Solar Electric System for the Loudoun County Homeless Center

rooftop solar system at the Loudoun County Homeless Center
The Loudoun County Homeless Center solar system benefited from a Federal Community Development Block Grant and the American Recovery and Reinvestment Act.
Roger Williams / Standard Solar

The newly-constructed Loudoun County Homeless Services Center has begun generating a portion of its own electricity with a 9.5 kilowatt array of solar panels installed by Standard Solar. Combined with a variety of passive lighting and energy efficient appliances and air-handling systems, the structure is expected to receive at least a “Silver” certification from the nationally-recognized Leadership in Energy and Environmental Design Green Building Rating System.

“No matter how large or how small, we are privileged to be helping local governments throughout the Mid-Atlantic region turn to cleaner sources of energy and save taxpayer dollars over the long-run,” said Standard Solar President Scott Wiater.

Sandy Hunter, the lead building design manager in the County’s Department of Construction and Waste Management, saw the potential for the new shelter to generate some of its own electricity by combining Federal Community Development Block Grant funds with money from the American Recovery and Reinvestment Act of 2009.

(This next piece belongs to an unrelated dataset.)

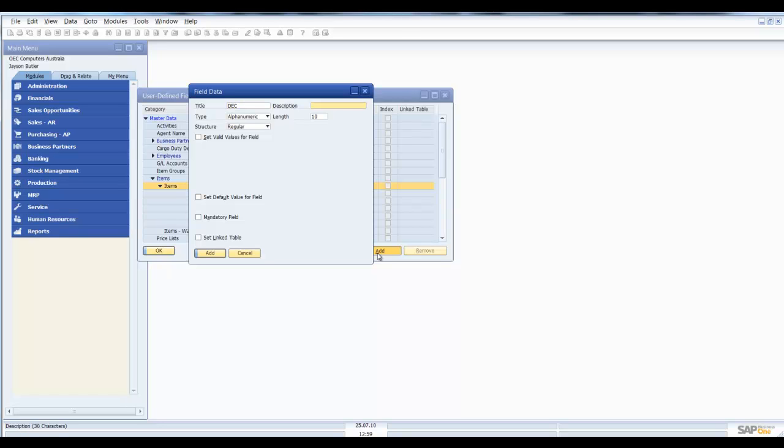That is going to be the title and the description. We're going to call it description as well because we're actually going to add an extended description. So the length of ten will not be good for us, so we're going to set it to 250.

“We in Family Services want to thank County Commissioner Andrea McGimsey and the other Board members for helping harness the resources to make this a truly ‘green’ weigh-station for our families in need,” Hunter said. “Wherever possible, we are developing healthier and economically justifiable energy systems as part of our five-year comprehensive plan to meet the needs for affordable and supportive housing and public services.”

The solar electric system consists of 44 216-watt solar panels manufactured in Tennessee by Sharp USA. The American Recovery and Reinvestment Act requires that projects funded by the so-called “Stimulus” law be made in America. While that used to be a real challenge for installers such as Standard Solar, the options for sourcing projects with panels and other materials made in the U.S. now are beginning to grow due in part to federal, state and local incentives to invest in renewable sources of electricity.

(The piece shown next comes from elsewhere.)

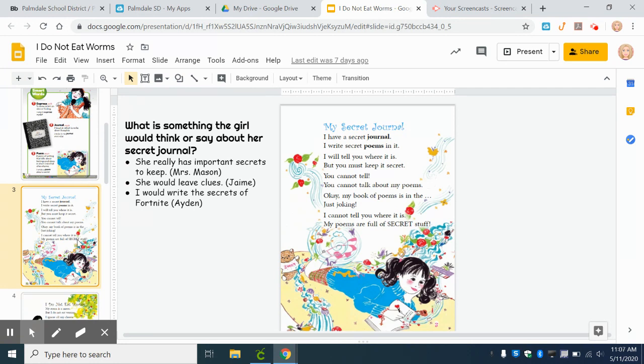Okay, my book of poems is in the... just joking. I cannot tell you where it is. My poems are full of secret stuff.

“Manufacturers now see the U.S. market as an attractive place to grow their solar businesses, creating jobs and forging a cleaner energy future,” Wiater added.

Standard Solar is a full-service developer, integrator and installer of solar electric systems for academic, commercial, government, and residential customers throughout Maryland, the District of Columbia, Virginia, Delaware, Pennsylvania, and North Carolina. It serves more than 400 system owners throughout the Mid-Atlantic region and has created more than 50 green jobs since the summer 2008.